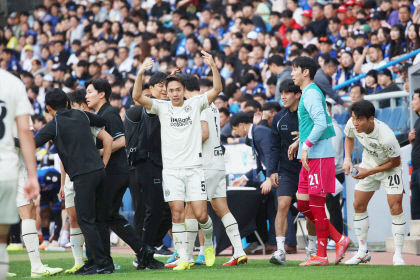김동민 선제골에 요시노 동점골 대구, 원정경기서 인천과 1대 1 무승부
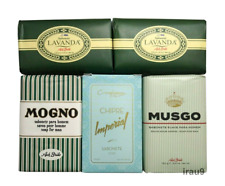 5 Sabonetes Ach Brito & Confianca, Lavander, Mogno, Chipre Imperial, Musgo Real PT comprar usado  Enviando para Brazil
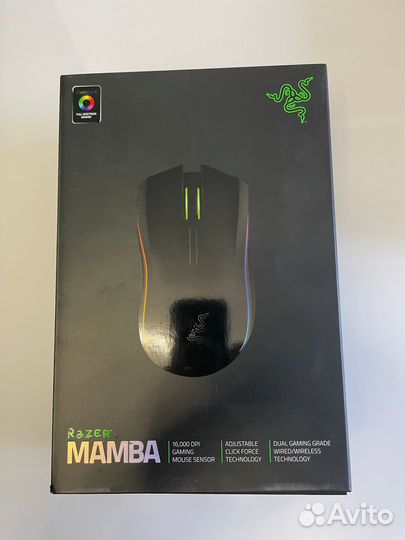 Игровая мышь Razer Mamba Chroma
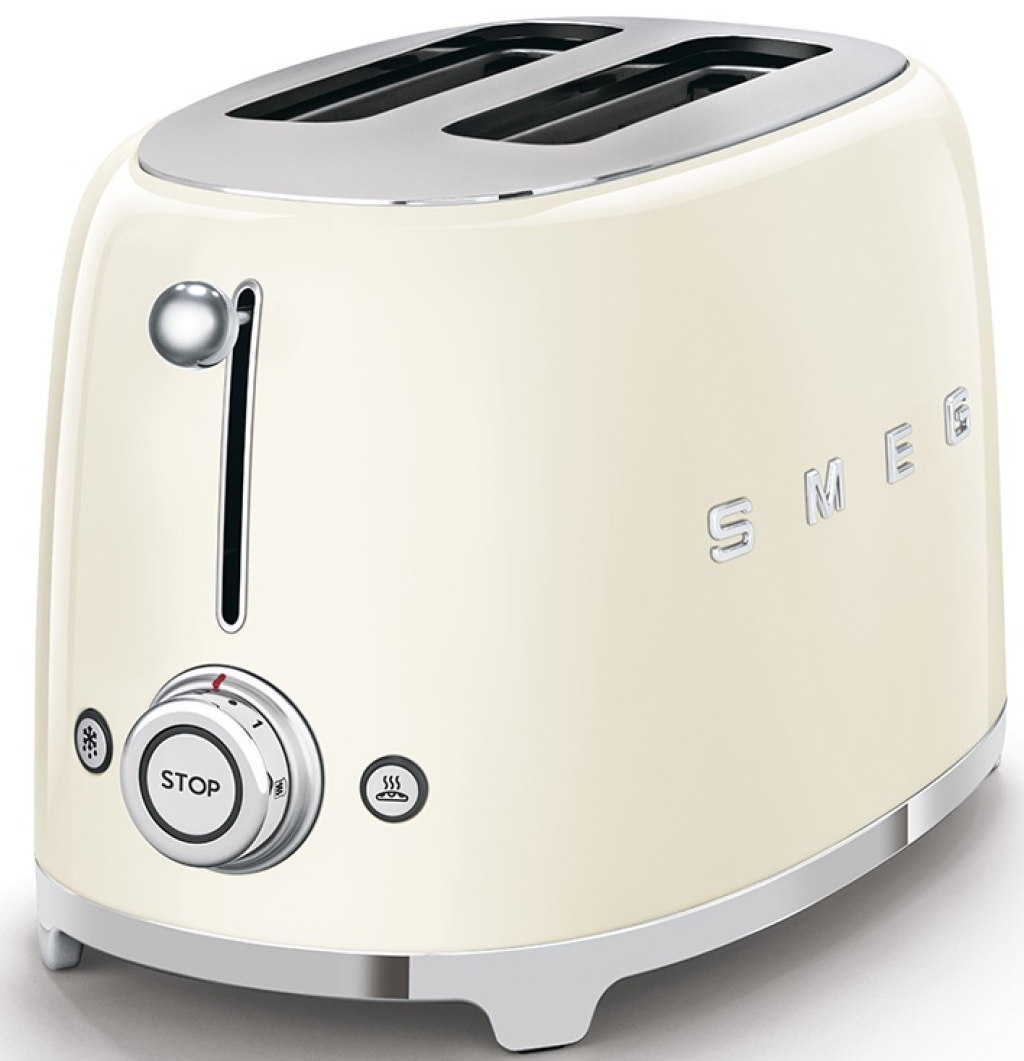 Тостер SMEG TSF01CREU
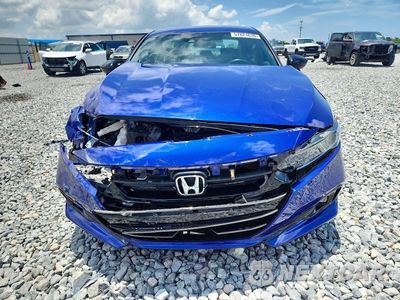Piąte zdjęcie samochodu w środku: 2022 HONDA ACCORD SPORT VIN:1HGCV1F30NA080036 - miniatura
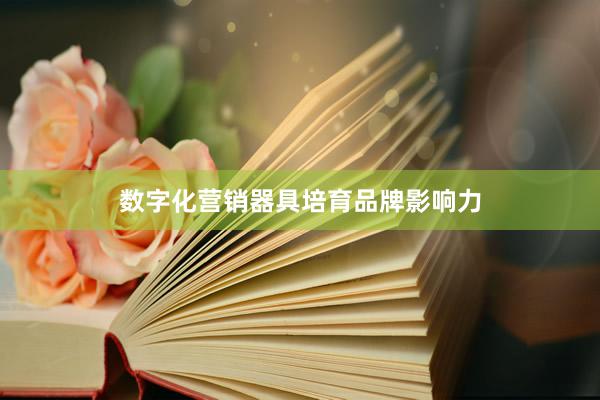 数字化营销器具培育品牌影响力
· · · · ·
# Required action
Transcribe the records above exactly, skipping pictures.

# Solution
김동민 선제골에 요시노 동점골 대구, 원정경기서 인천과 1대 1 무승부
 5 Sabonetes Ach Brito & Confianca, Lavander, Mogno, Chipre Imperial, Musgo Real PT comprar usado  Enviando para Brazil
 Игровая мышь Razer Mamba Chroma
 Тостер SMEG TSF01CREU
Piąte zdjęcie samochodu w środku: 2022 HONDA ACCORD SPORT VIN:1HGCV1F30NA080036 - miniatura
 数字化营销器具培育品牌影响力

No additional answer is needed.